Monday, February 12, 2018

Daghestan Could Become Putin’s Uzbek Affair and Trigger New Separatist Challenges, Orientalist Says



Paul Goble

            Staunton, February 12 – Many governments view anti-corruption drives as a way to solidify their positions by winning the support of the population against corrupt officials; but oftentimes, governments that choose such a strategy fail to see that corruption exists almost everywhere and that they cannot limit it as they want.

            Indeed, what may look like a winning strategy when it is applied to a single portion of the country or a single part of the elite can become the first step to a major defeat when people begin to ask why this region or this segment of the ruling class is so different from all the others with whom they have experience.

            That happened in the closing years of the USSR when Moscow launched an anti-corruption campaign against Tashkent officials, only to discover that the “Uzbek Affair “ as that came to be known, raised questions about the Soviet system as a whole, questions that contributed to the demise of that system (begamot-74.livejournal.com/78242.html).

            Now some analysts are suggesting that Moscow’s anti-corruption campaign in Daghestan could have the same effect not only because the Kremlin itself has promised to take similar actions against other “corrupt” regions but because Russians can see that corruption is hardly limited to a small republic in the North Caucasus but exists everywhere in the Putin system. 

            One analyst, orientalist Anatoly Nemiyan who blogs under the name El Murid, makes this argument extremely directly in a comment for an article prepared by Ruslan Gorevoy of the Versiya portal (versia.ru/provorovavshimsya-regionalnym-yelitam-vporu-zakazyvat-sebe-tyuremnye-roby).

            “The solution of the problem of the borderlands is always considered a task of fist importance for any country. Everywhere these resolutions have an extremely serious and unbelievably long-drawn-out character.” And one must always remember that what is true in one place is true at least in part in many others.

            What is happening in Daghestan today, Nemiyan says, could “without doubt” happen tomorrow in “Tuva, Karelia,, and the Russian North and possibly Buryatia and Sakha.” But for that to occur, Moscow will have to transform the governors into “governors general who will rely on force from outside the republic.”

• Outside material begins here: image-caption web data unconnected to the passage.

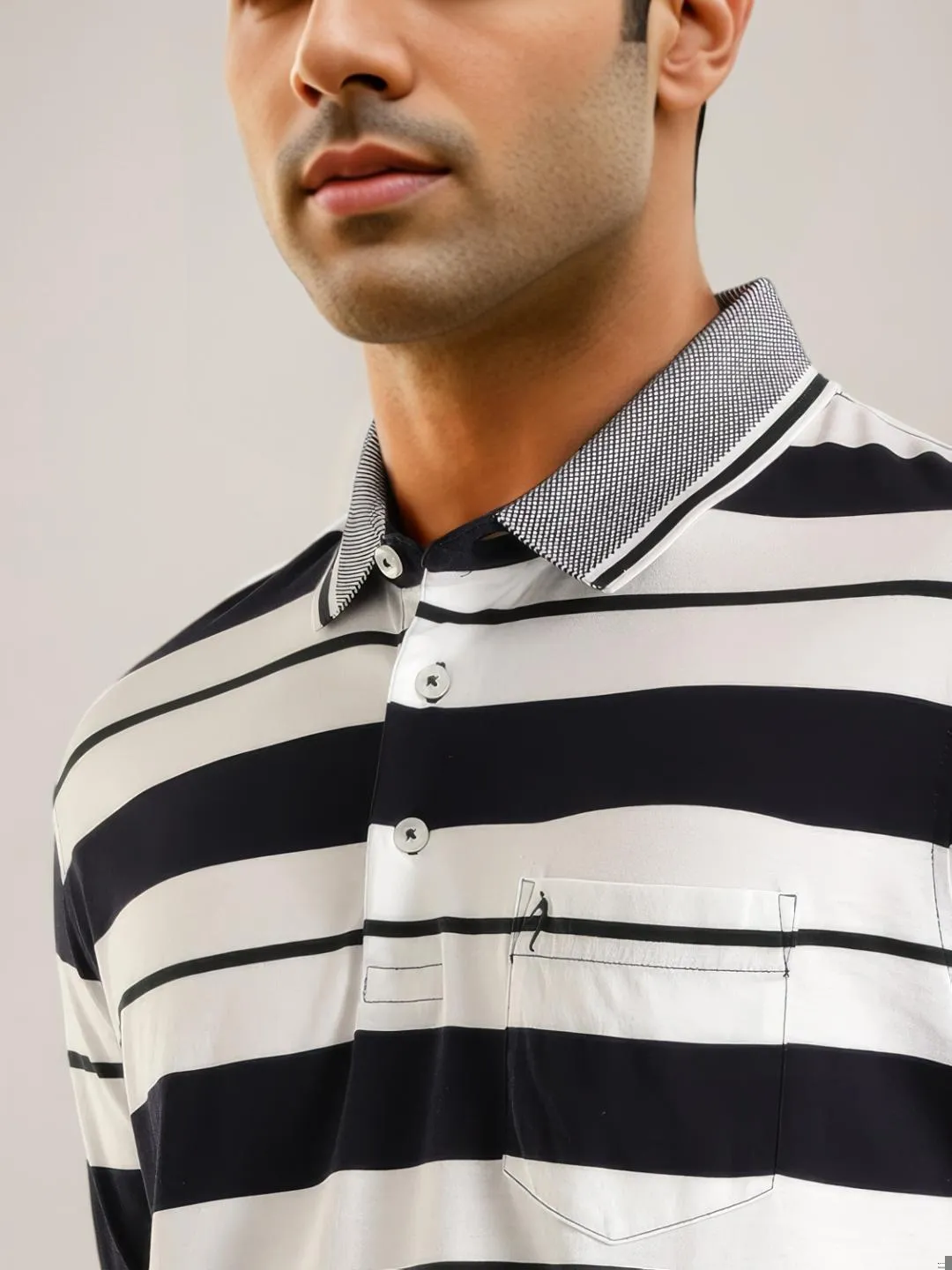 Men Striped Polo T-Shirt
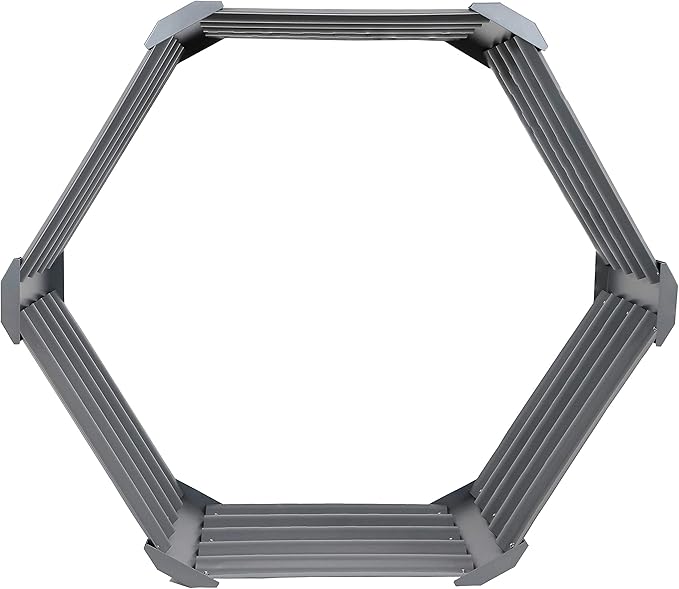 Sunnydaze Galvanized Raised Garden Bed Outdoor - Metal Planter Box for Gardening Vegetables and Plants - 16.25" H Hexagon - Gray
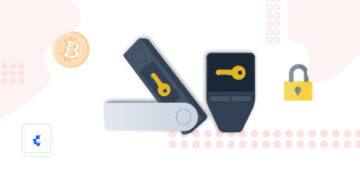 Dos dibujos de Hardware Wallet con una llave amarilla en ellas y una moneda de bitcoin y un candado amarillo a sus lados.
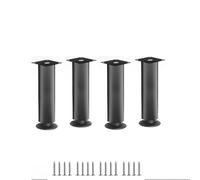 YDHSIKK gambe mobili Gambe da tavolo regolabili in acciaio inossidabile for casa, ufficio, bagno, cucina, set di 4 piedini di supporto rotondi for mobili, divani, con viti, 150 mm(Black,100mm(3.9in))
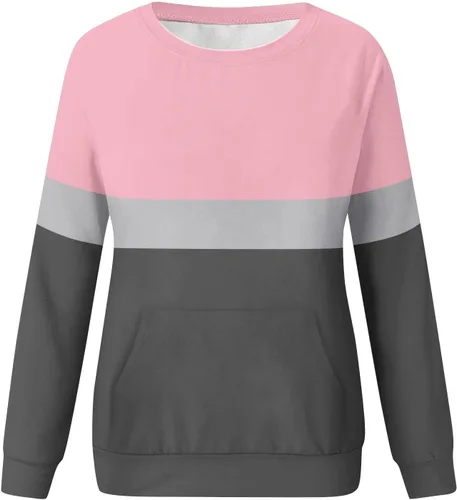 Vista 4 de Sudaderas de otoño para mujer, color liso, manga larga, cuello redondo, informal, con bolsillo, holgadas, cómodas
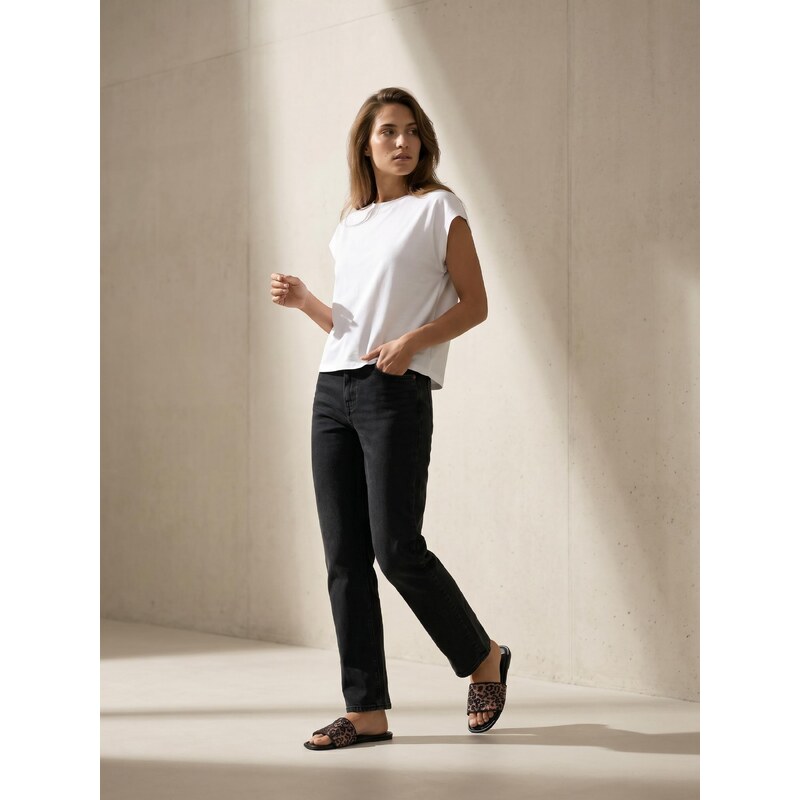 Sinsay - Comfort Straight Džíny S Efektem Vyprání - černá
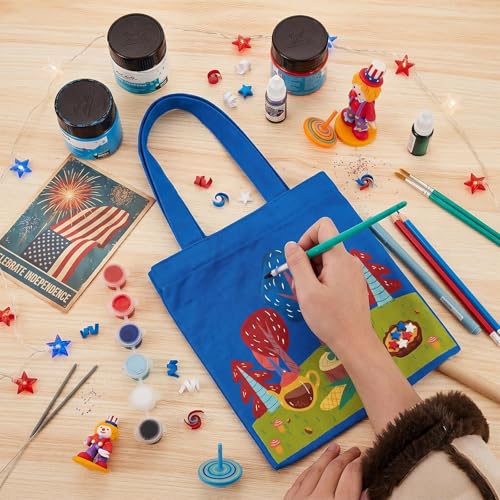 Amylove 24 Pcs Mini Canvas Tote Bags,8.5 X 8 Inch,Blue,Red - color: Blue,red, size: 8.5 x 8 Inch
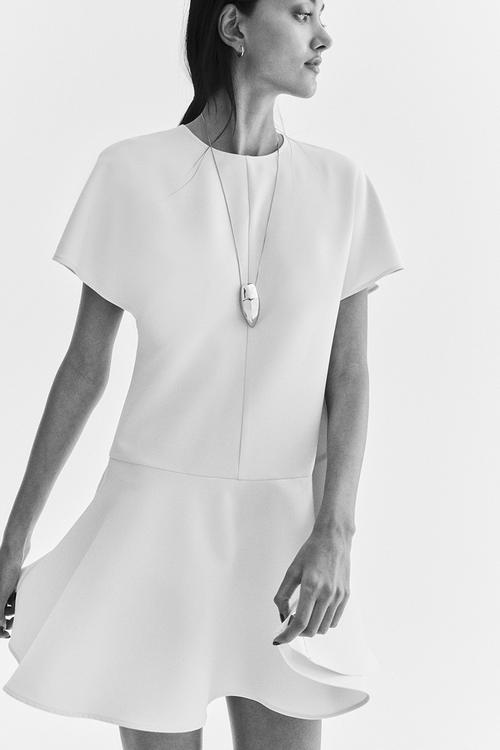 Butterfly-sleeved dress - cream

            Such a strategy may seem for a time to be a winning one, he continues, “but such an active purge of elites” as the one now being conducted by outsiders backed by Moscow in “unsettled and multi-national Daghestan” may come to “play against the federal center” if it makes mistakes as it is likely to.

            Any such action, Nemiyan argues, must be pursued very carefully and with regard to what can happen if the lessons of the past are ignored.  The Kremlin needs to recall “the history of the cotton affair in Uzbekistan where Soviet power demonstrated its decisiveness against the background of a collapsing economy.”

            “We remember how that turned out,” the orientalist concludes.” It led to the growth of “separatism in the borderlands and the flight of the republics from the USSR.”